In August 2014, he started with Inspiration Hospice, where he learned about its 11th Hour program that places volunteers with families and patients when someone appears to be within 48 hours of passing away. After his first experience with 11th Hour, Abston pondered his choices as a student at a community college, how he initially was just trying to get a leg up on his career by being involved in a civic program, and that he was in fact fortunate to be part of such a powerful experience, to be a stranger invited into a sacred space at an emotional time. “It definitely registered with me that this is a big deal,” he said. His next 11th Hour request would come the night before graduating from SLCC.

A Dying Friend

After receiving the text message about his friend, he knew his “shift” began at 10 p.m. The woman he’d been visiting had been moved to a different room. “We had become very close,” he said. It was a bit shocking to see her for the first time that night. She was no longer on oxygen. Her hair was a mess. Abston didn’t have a comb or brush. He used his fingers to gently work out the tangles. He kept talking to her, even though she was unresponsive. “I’m glad that I’m here for you,” Abston told her, with no one else in the room. He brought Neil Gaiman’s collection of short fiction “Trigger Warning” to read to his friend. He kept a hand on her arm, checking the temperature of her skin and just letting her know that he was there.

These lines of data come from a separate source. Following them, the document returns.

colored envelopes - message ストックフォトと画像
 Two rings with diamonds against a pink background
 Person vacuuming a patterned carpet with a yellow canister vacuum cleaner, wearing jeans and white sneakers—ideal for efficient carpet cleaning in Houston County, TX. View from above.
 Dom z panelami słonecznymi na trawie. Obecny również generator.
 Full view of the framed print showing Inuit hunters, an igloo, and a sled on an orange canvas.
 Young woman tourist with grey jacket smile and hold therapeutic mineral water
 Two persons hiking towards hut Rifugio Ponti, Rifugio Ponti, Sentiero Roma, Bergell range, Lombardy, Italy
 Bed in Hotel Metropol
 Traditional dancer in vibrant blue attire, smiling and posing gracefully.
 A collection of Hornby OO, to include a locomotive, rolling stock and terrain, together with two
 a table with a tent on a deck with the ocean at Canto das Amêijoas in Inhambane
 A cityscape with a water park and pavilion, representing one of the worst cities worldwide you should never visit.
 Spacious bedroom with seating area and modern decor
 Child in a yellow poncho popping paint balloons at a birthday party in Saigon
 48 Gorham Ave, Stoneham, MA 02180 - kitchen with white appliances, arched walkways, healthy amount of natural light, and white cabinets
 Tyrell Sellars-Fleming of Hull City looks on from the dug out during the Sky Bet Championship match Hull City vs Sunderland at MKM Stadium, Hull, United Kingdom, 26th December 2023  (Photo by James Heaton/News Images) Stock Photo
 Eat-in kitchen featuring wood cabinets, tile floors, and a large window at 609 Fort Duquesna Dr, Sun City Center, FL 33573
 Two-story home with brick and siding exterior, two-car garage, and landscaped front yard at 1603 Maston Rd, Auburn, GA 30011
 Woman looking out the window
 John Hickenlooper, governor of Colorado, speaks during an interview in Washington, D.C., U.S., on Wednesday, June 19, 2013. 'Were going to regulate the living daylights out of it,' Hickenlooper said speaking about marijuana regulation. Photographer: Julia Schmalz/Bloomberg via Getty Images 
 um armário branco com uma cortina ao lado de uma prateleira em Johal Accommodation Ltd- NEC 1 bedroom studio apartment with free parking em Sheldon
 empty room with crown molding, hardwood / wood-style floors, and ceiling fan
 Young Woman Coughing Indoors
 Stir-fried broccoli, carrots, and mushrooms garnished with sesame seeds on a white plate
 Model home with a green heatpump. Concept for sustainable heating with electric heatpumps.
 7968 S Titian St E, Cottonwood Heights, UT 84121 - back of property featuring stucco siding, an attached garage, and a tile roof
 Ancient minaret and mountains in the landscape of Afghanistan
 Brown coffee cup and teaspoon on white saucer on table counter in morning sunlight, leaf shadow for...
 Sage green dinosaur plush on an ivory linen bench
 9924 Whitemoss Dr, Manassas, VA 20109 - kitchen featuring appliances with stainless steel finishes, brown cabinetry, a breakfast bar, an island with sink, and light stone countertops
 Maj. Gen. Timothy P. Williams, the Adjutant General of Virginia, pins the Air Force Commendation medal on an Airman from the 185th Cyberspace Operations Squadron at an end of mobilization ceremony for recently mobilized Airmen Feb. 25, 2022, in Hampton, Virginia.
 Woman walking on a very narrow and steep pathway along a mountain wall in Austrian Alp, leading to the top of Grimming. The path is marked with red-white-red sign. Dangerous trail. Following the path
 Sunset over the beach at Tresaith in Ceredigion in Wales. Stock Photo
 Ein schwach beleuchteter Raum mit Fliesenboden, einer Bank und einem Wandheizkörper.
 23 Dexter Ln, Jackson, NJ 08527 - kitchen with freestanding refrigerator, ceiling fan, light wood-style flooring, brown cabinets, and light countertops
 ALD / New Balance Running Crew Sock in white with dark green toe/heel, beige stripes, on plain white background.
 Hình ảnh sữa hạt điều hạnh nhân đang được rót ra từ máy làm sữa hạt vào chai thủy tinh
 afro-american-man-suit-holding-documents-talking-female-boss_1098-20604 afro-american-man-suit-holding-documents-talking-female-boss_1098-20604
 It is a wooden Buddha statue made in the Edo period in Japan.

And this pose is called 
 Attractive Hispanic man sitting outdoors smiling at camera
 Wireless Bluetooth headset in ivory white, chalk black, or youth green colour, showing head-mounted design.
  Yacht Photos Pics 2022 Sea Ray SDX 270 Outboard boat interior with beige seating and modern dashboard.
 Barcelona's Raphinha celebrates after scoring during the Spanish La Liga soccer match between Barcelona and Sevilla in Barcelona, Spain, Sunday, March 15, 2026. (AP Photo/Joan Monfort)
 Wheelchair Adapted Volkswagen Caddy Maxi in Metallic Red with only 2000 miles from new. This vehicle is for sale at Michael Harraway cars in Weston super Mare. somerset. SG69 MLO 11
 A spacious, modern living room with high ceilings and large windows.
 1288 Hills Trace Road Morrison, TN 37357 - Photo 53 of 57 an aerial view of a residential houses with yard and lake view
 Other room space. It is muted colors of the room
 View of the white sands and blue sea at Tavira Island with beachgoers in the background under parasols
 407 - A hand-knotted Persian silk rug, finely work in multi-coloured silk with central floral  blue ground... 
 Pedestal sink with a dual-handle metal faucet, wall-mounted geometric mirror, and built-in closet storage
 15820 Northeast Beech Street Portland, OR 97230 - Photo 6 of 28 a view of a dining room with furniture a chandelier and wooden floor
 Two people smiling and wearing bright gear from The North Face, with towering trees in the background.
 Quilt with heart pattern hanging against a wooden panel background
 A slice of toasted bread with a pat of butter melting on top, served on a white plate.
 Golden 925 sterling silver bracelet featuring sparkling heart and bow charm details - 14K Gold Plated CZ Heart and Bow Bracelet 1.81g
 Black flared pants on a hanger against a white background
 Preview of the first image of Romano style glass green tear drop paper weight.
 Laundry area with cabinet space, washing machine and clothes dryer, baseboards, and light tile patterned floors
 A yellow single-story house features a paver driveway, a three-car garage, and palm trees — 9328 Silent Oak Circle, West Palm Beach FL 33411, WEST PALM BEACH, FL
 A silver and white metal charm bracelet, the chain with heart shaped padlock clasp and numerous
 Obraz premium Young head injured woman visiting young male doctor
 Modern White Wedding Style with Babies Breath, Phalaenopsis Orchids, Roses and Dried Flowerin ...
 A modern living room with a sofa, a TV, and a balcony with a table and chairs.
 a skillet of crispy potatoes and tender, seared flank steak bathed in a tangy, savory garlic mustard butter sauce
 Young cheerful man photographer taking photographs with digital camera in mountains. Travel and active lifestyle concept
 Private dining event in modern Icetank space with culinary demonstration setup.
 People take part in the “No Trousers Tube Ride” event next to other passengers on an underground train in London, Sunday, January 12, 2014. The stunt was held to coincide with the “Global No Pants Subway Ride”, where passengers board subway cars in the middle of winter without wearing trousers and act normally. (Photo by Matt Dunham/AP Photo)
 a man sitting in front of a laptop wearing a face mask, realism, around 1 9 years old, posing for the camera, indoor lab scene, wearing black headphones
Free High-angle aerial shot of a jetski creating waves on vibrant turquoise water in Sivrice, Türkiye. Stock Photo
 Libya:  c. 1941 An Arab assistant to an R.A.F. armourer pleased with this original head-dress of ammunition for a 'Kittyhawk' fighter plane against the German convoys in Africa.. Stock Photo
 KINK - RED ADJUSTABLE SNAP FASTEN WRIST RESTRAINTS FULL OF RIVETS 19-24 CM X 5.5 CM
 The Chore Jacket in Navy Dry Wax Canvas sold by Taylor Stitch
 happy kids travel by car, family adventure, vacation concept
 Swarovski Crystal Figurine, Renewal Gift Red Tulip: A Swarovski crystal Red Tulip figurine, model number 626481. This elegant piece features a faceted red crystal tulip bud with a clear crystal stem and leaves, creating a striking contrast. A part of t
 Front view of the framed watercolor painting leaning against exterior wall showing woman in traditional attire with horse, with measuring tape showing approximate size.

As the minutes ticked by, Abston said what he needed to say before his friend passed. “I told her that I always liked her nose and that I was glad we had gotten to know each other, and that I thought she was a really great person,” he said. Only 45 minutes had passed when his friend appeared to look up and brought her arms toward her chest. “I put my hand on her shoulder and said, ‘It’s okay. Everything’s fine.’” And, alone with his friend, he watched her let out one last breath. He stayed with her for a while longer, did what is required of hospice volunteers and drove back to his apartment in Salt Lake City.

SLCC Graduation

The next day, Abston was beaming, dressed in a cap and gown, walking across the stage at the Maverik Center in West Valley City with hundreds of other graduates. Somehow, the day seemed a little different than what he had expected. “It felt more important,” Abston said. “I was so glad that I had been able to be there for her.”